Problem to solve: Copy the material below verbatim from the line with "Natural Life ACCESSORIES Cupcake Socks" to the line with "Ash Round Toe Slip-On Sneakers", both lines included, omitting pictures and every line outside that range.

(Beginning of Extracted entries)

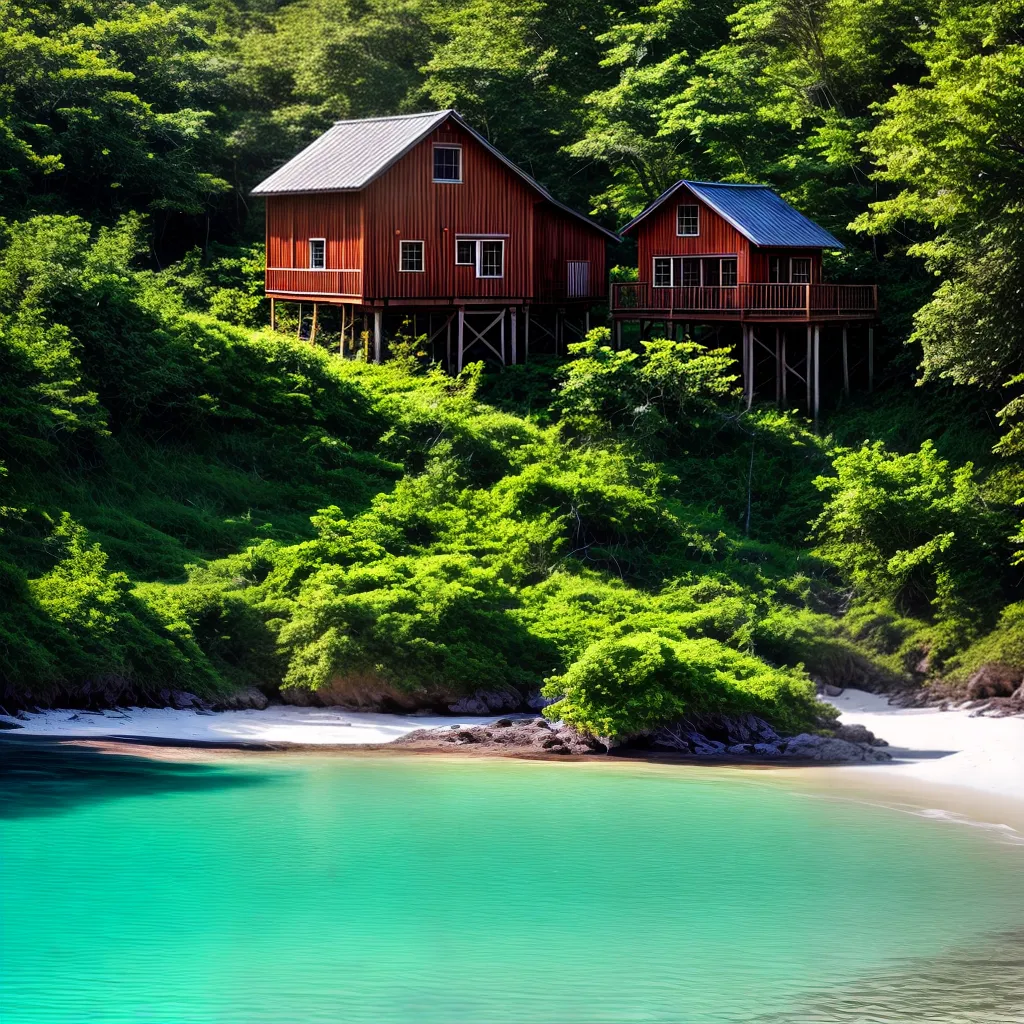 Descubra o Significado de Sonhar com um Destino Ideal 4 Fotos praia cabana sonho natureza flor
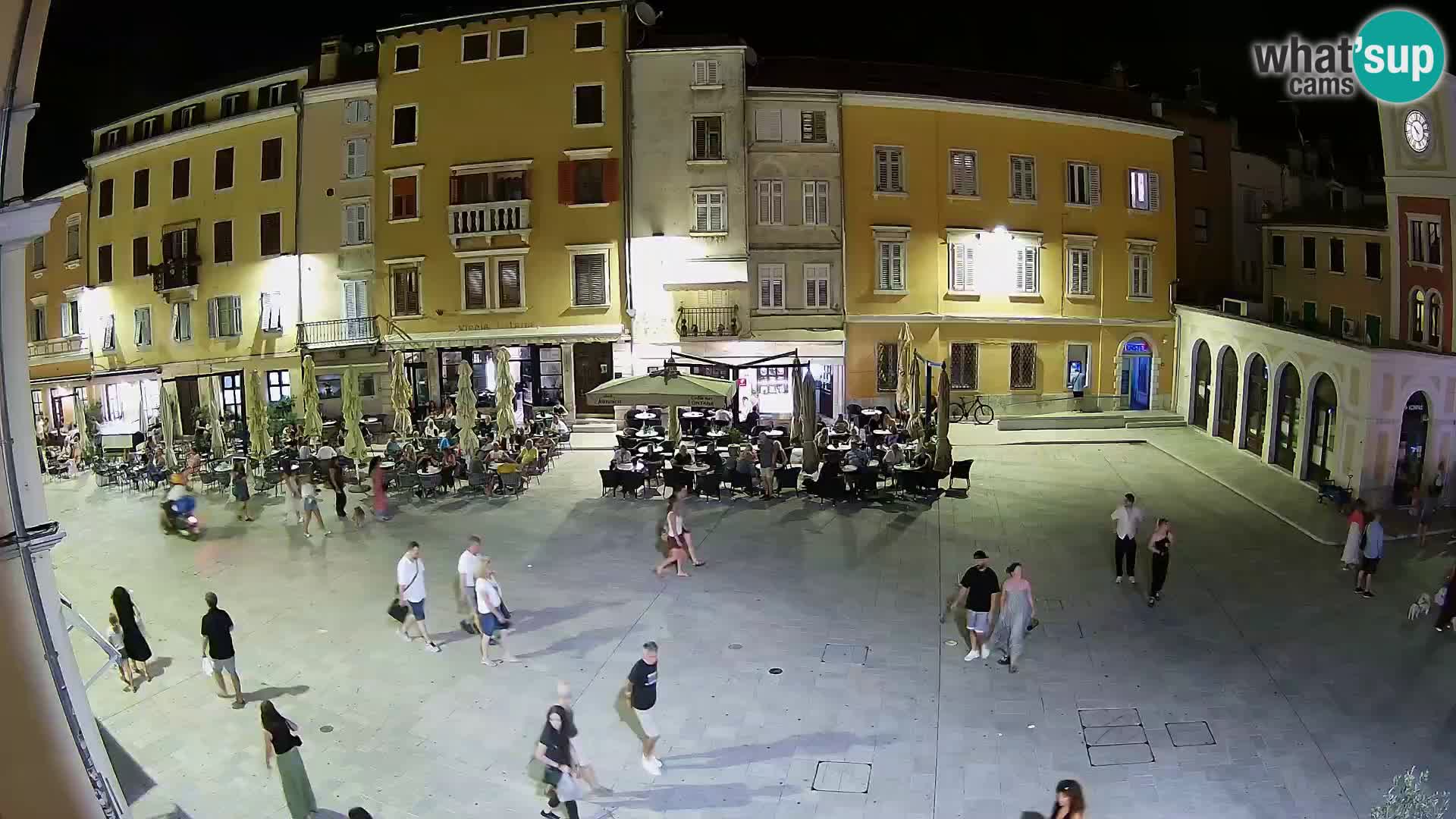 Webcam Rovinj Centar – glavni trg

(End of Extracted entries)
(Beginning of Extracted entries)

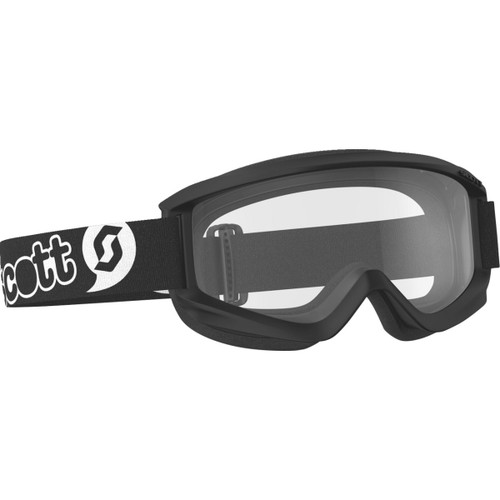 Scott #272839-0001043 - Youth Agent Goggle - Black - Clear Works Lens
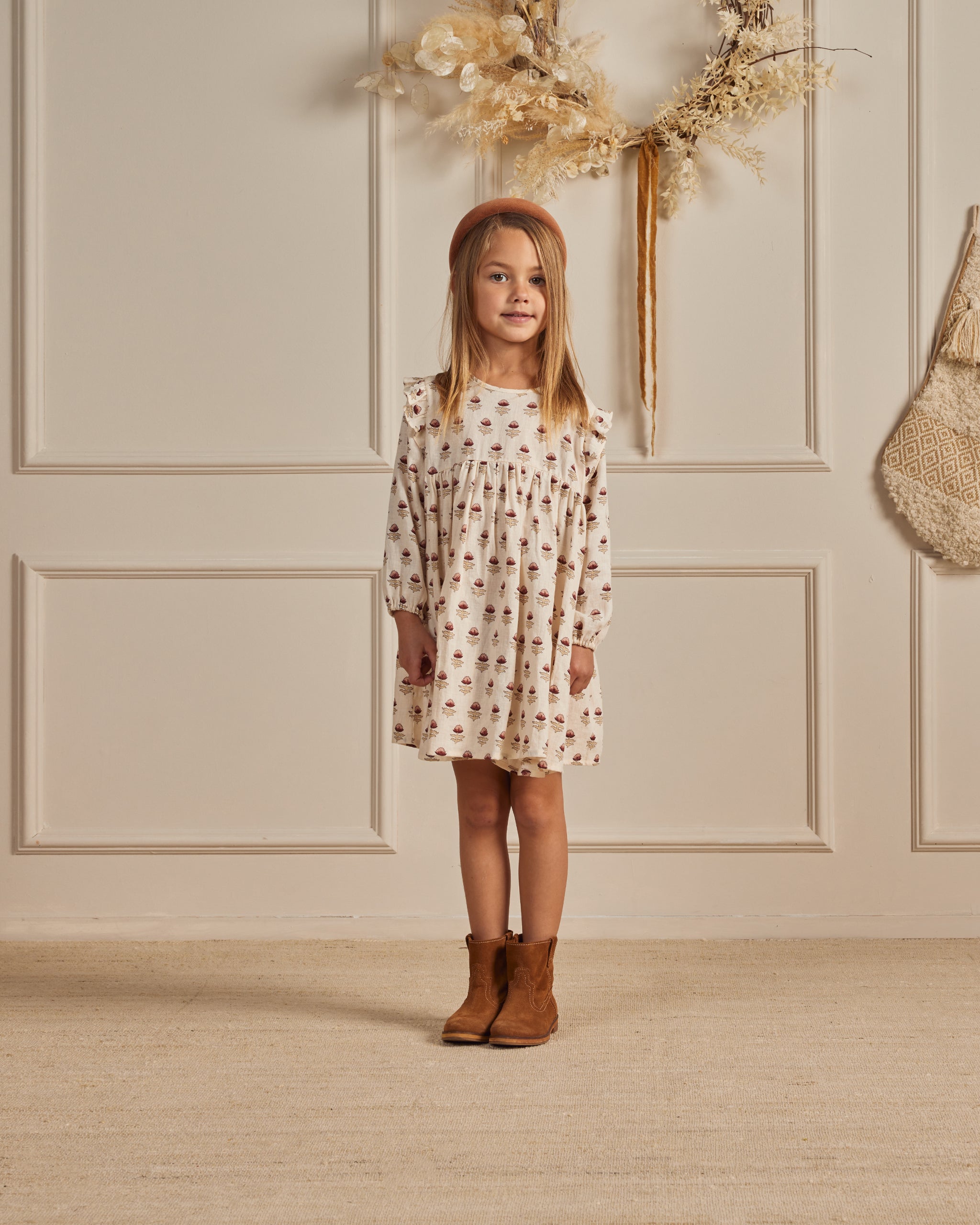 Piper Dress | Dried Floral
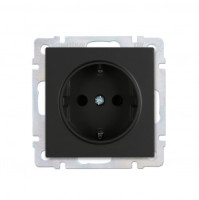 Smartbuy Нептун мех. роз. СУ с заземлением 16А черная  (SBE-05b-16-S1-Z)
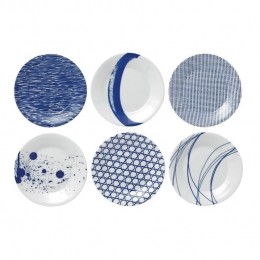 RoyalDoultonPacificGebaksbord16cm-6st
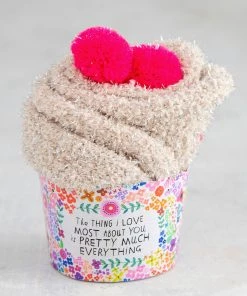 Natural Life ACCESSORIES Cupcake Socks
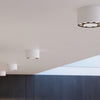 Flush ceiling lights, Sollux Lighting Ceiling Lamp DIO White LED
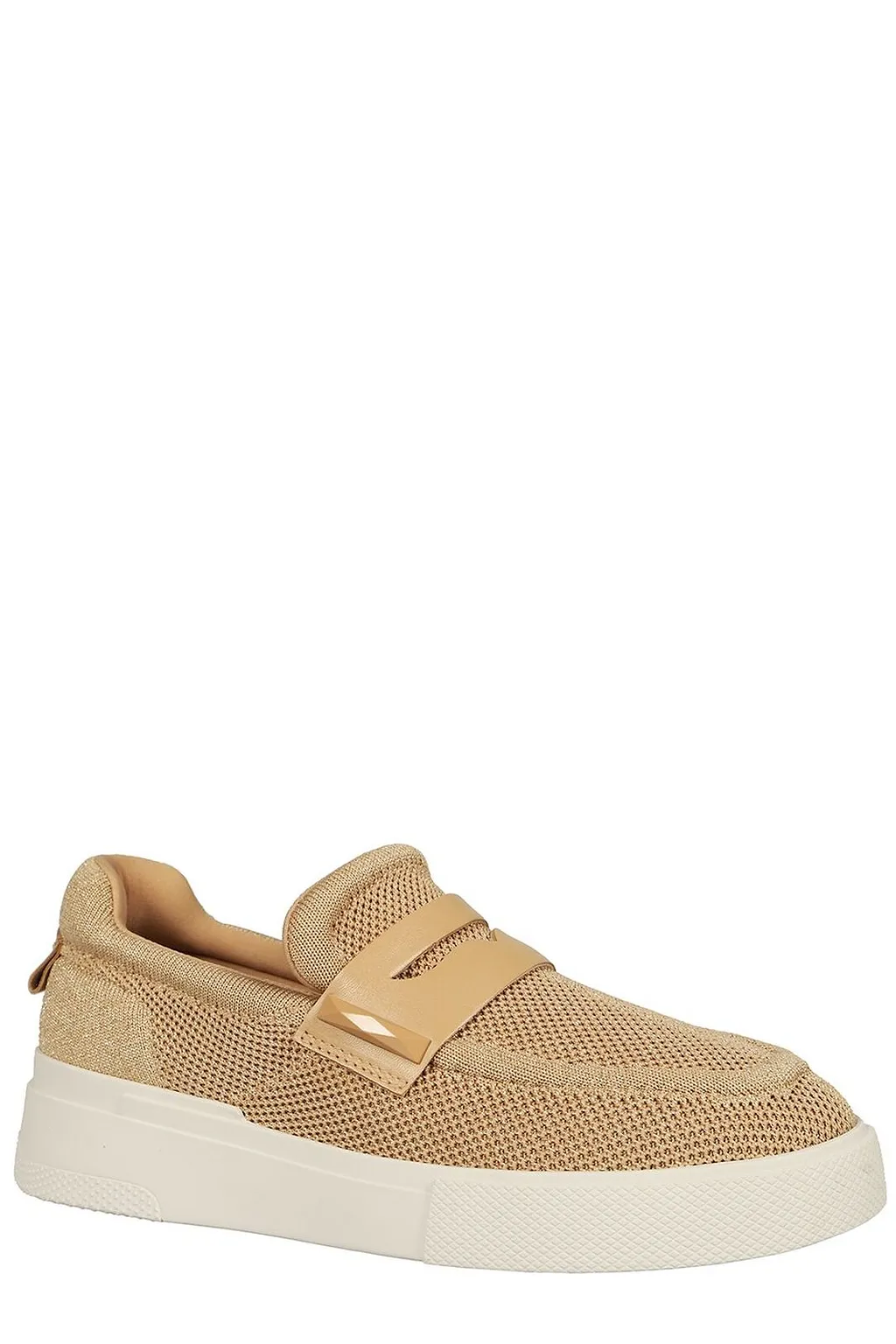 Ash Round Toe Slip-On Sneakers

(End of Extracted entries)

Answer space:
 Natural Life ACCESSORIES Cupcake Socks
 Flush ceiling lights, Sollux Lighting Ceiling Lamp DIO White LED
 Ash Round Toe Slip-On Sneakers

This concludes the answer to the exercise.